Exercise description - Copy the lines below exactly, starting at the one with "For any right" and ending at the one with "Hello, I'm Lasse", and leave out any picture.

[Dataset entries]
***

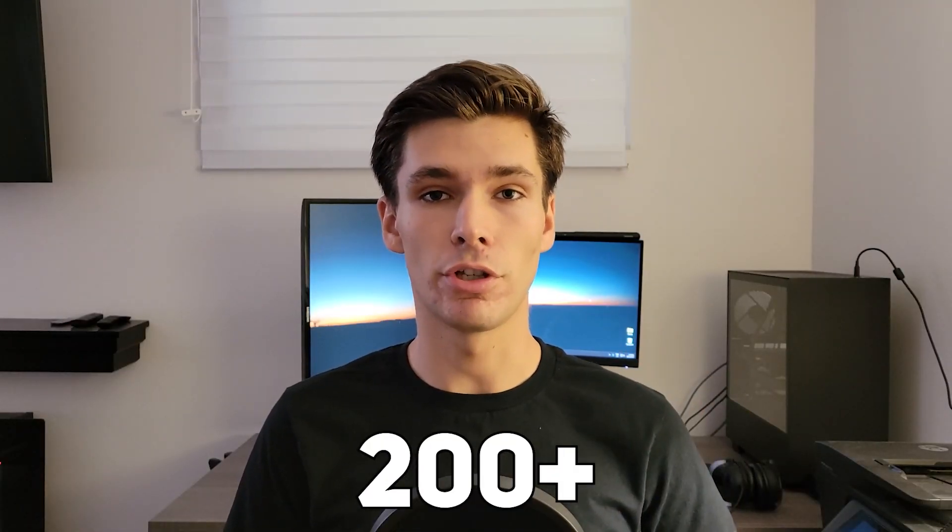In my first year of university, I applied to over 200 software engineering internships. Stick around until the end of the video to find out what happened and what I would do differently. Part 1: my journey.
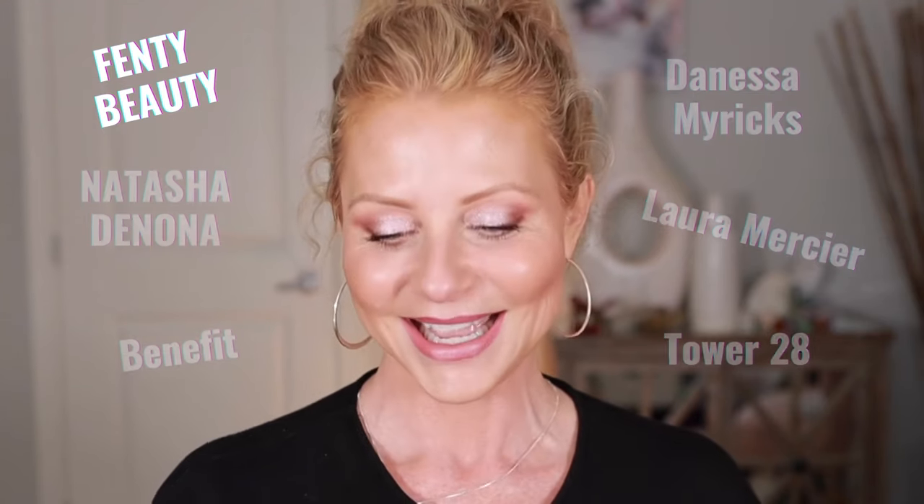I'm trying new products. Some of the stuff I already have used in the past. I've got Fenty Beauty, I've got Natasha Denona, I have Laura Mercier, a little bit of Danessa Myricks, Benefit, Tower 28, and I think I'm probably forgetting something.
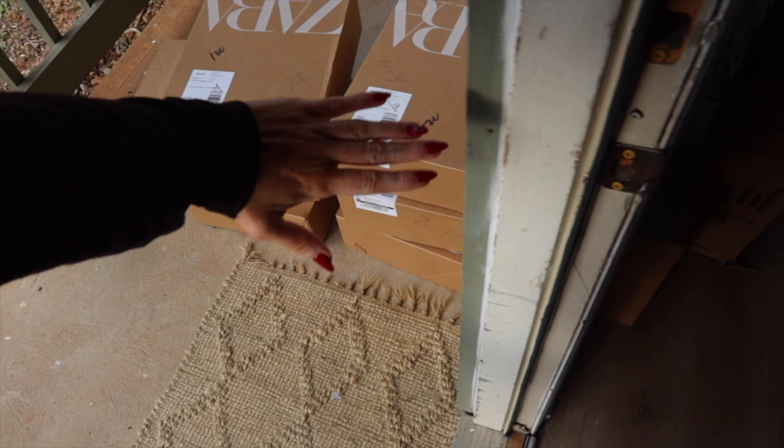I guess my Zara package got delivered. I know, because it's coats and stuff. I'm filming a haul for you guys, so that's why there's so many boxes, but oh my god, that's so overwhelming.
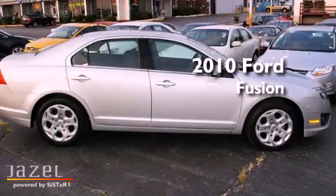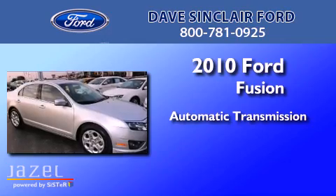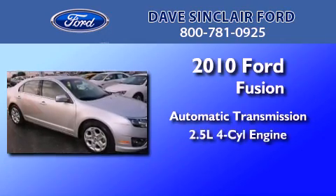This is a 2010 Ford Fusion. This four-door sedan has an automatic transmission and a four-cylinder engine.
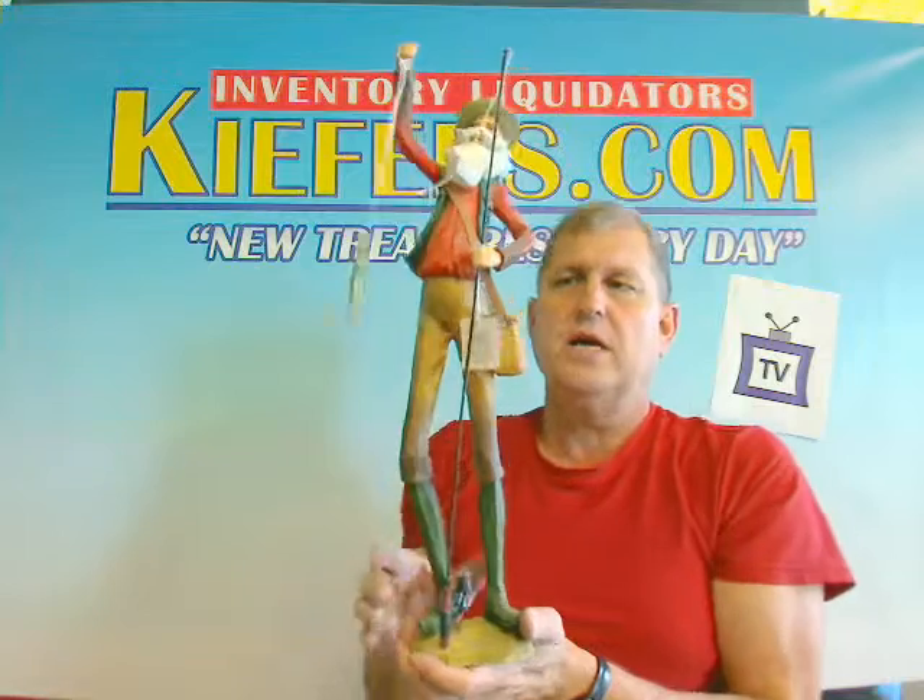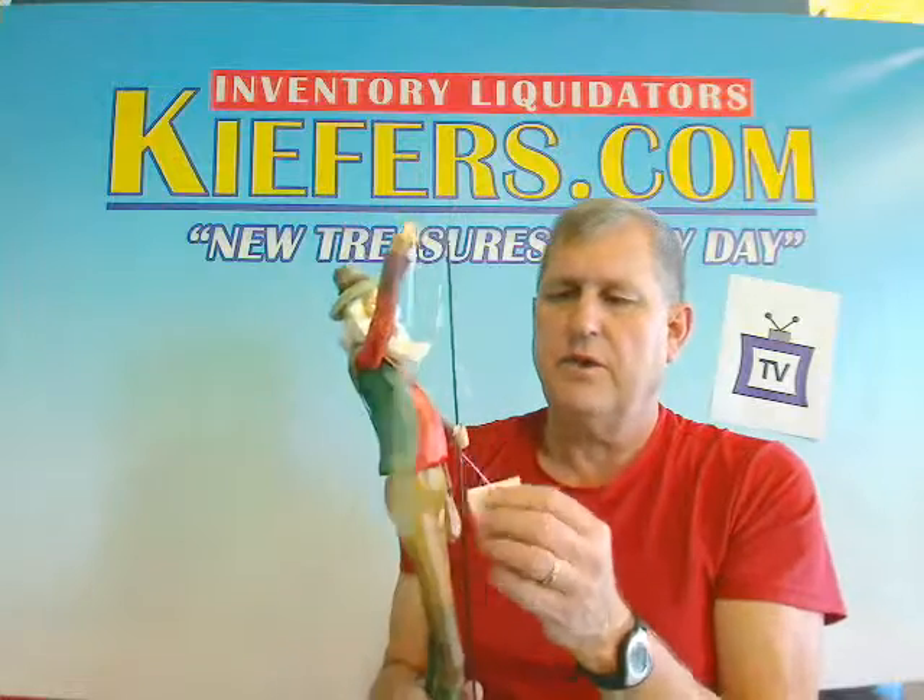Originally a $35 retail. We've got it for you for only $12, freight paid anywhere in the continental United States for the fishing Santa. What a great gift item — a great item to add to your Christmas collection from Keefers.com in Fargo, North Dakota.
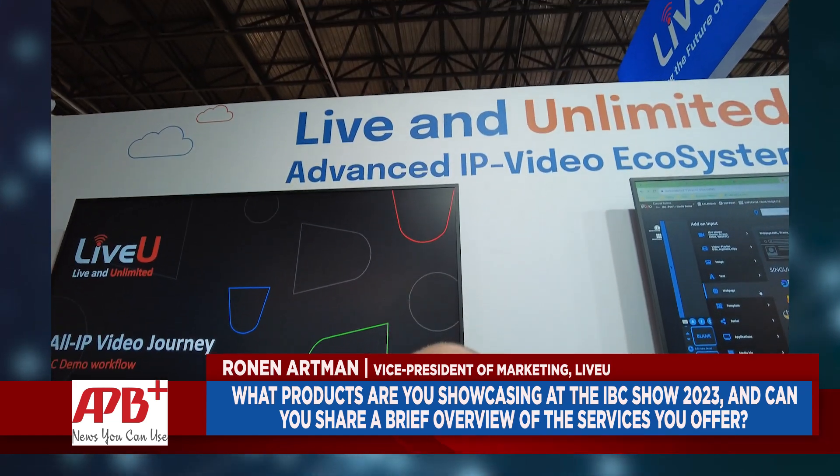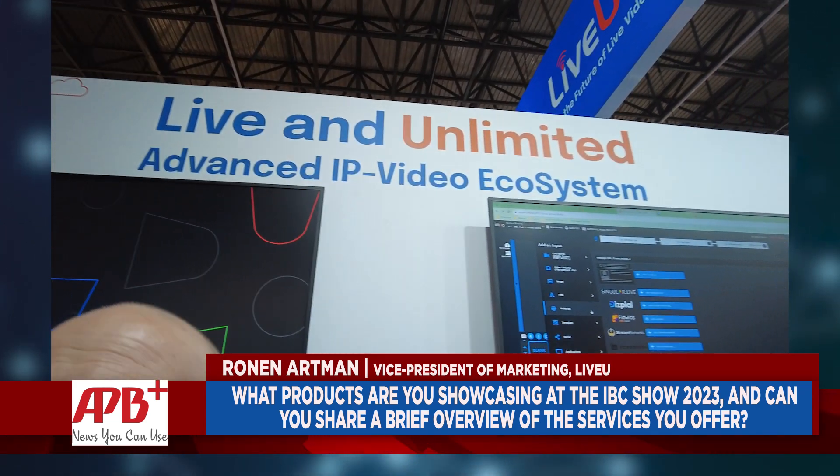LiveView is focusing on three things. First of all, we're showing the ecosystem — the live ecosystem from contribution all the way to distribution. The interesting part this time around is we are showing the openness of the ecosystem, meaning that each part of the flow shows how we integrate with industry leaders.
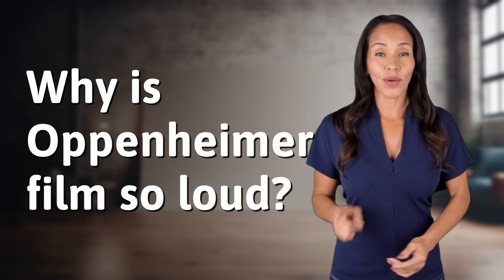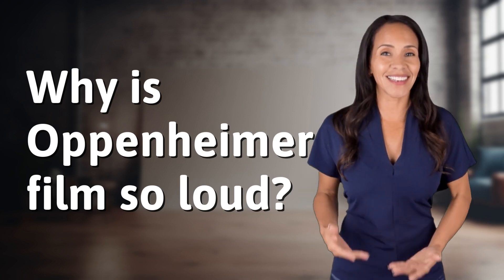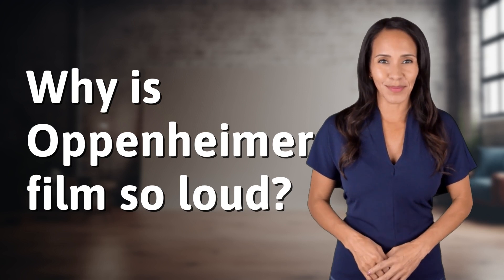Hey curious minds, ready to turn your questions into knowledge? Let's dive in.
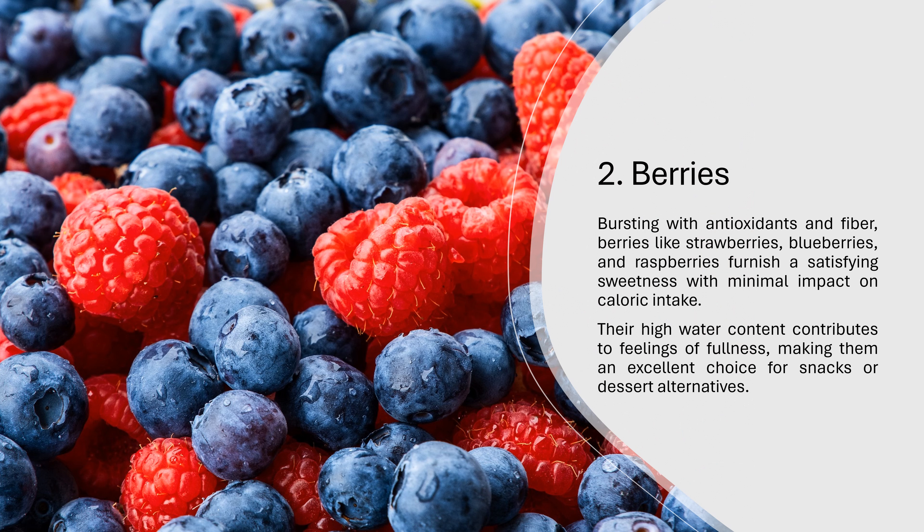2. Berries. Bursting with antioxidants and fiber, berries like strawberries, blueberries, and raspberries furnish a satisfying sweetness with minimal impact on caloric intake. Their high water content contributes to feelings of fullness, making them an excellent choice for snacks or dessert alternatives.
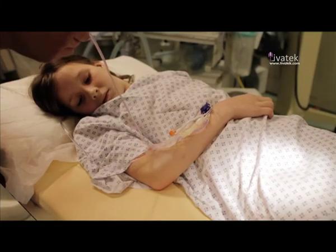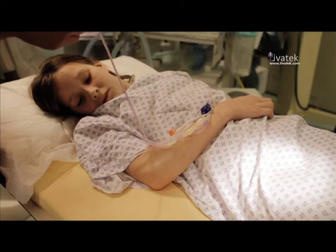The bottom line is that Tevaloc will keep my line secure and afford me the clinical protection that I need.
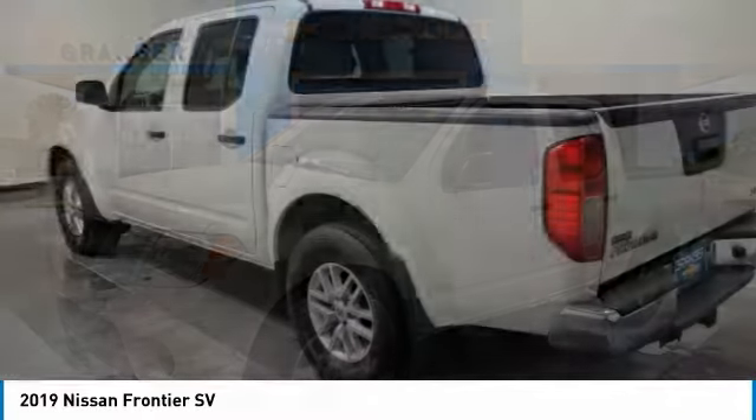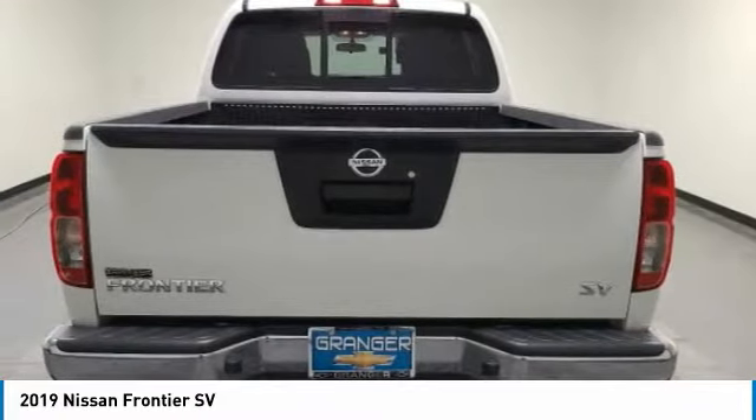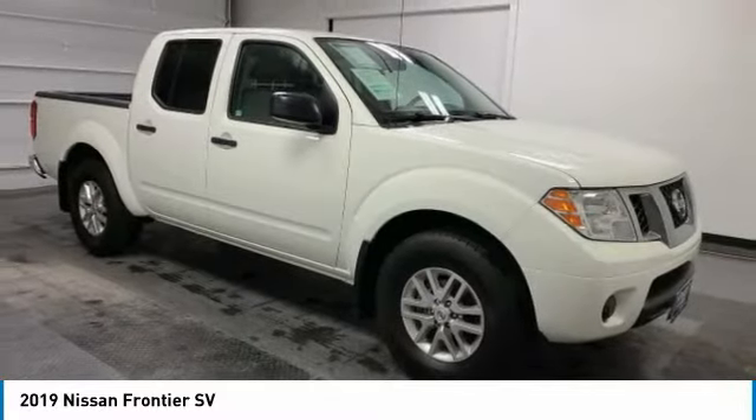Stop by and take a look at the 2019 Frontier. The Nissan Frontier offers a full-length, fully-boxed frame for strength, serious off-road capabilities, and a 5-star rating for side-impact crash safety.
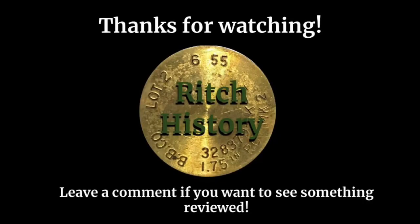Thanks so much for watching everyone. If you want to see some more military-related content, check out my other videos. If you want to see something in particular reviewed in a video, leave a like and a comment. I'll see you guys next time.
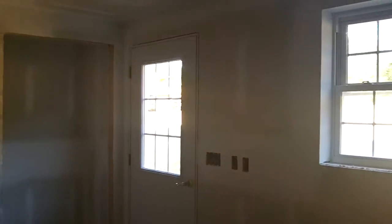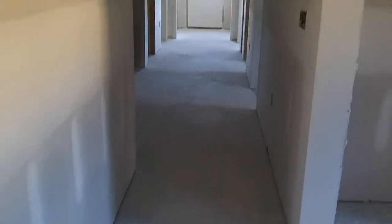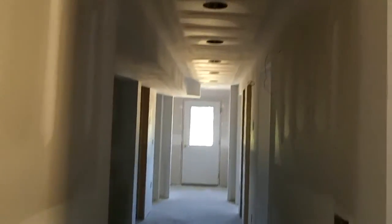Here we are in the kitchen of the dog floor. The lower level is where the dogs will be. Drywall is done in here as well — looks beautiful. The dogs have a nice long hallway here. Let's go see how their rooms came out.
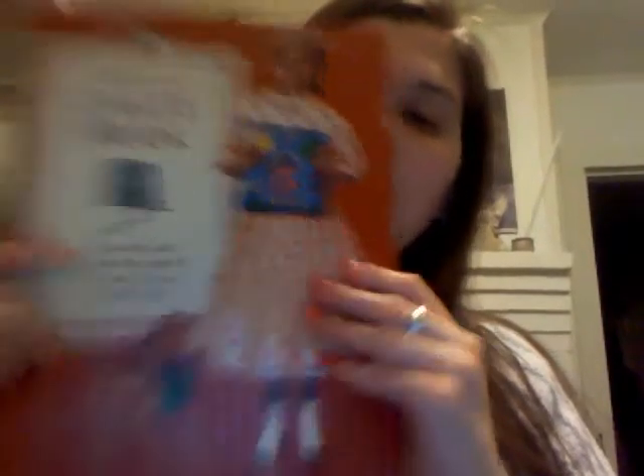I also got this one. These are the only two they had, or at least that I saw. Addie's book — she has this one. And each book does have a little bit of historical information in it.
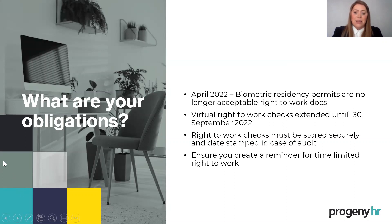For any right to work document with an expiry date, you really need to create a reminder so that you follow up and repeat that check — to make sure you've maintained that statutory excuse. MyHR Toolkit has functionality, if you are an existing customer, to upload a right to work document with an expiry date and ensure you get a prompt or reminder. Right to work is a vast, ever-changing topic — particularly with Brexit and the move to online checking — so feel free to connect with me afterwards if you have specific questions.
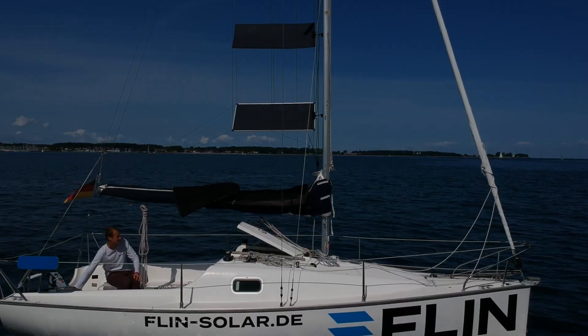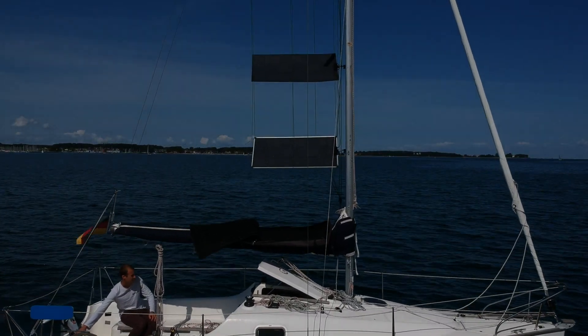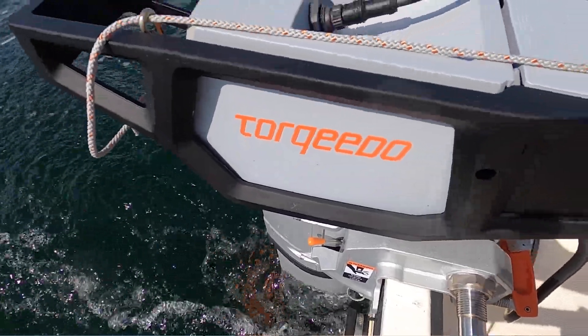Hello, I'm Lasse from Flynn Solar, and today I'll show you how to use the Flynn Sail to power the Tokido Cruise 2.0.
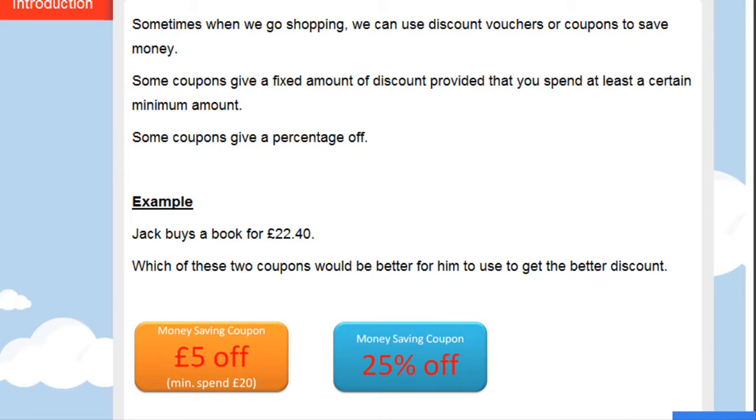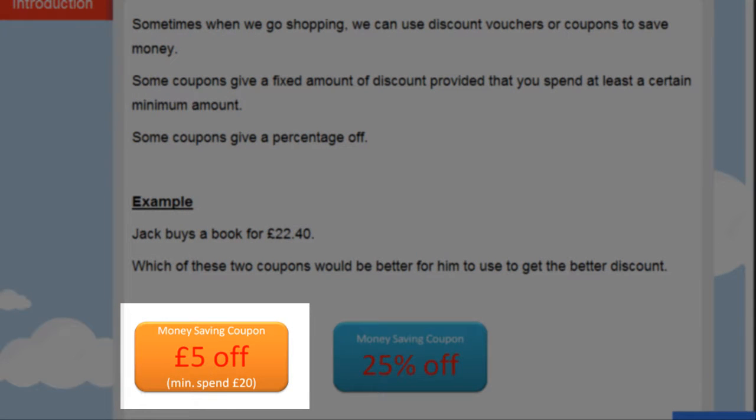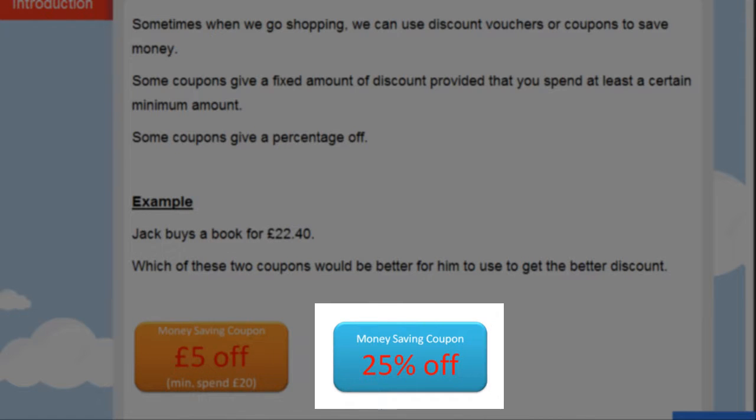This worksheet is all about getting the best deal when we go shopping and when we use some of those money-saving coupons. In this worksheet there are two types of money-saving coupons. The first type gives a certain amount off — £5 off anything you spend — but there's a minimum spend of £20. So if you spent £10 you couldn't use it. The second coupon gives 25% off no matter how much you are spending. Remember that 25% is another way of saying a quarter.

***

Your response -
For any right to work document with an expiry date, you really need to create a reminder so that you follow up and repeat that check — to make sure you've maintained that statutory excuse. MyHR Toolkit has functionality, if you are an existing customer, to upload a right to work document with an expiry date and ensure you get a prompt or reminder. Right to work is a vast, ever-changing topic — particularly with Brexit and the move to online checking — so feel free to connect with me afterwards if you have specific questions.
Hello, I'm Lasse from Flynn Solar, and today I'll show you how to use the Flynn Sail to power the Tokido Cruise 2.0.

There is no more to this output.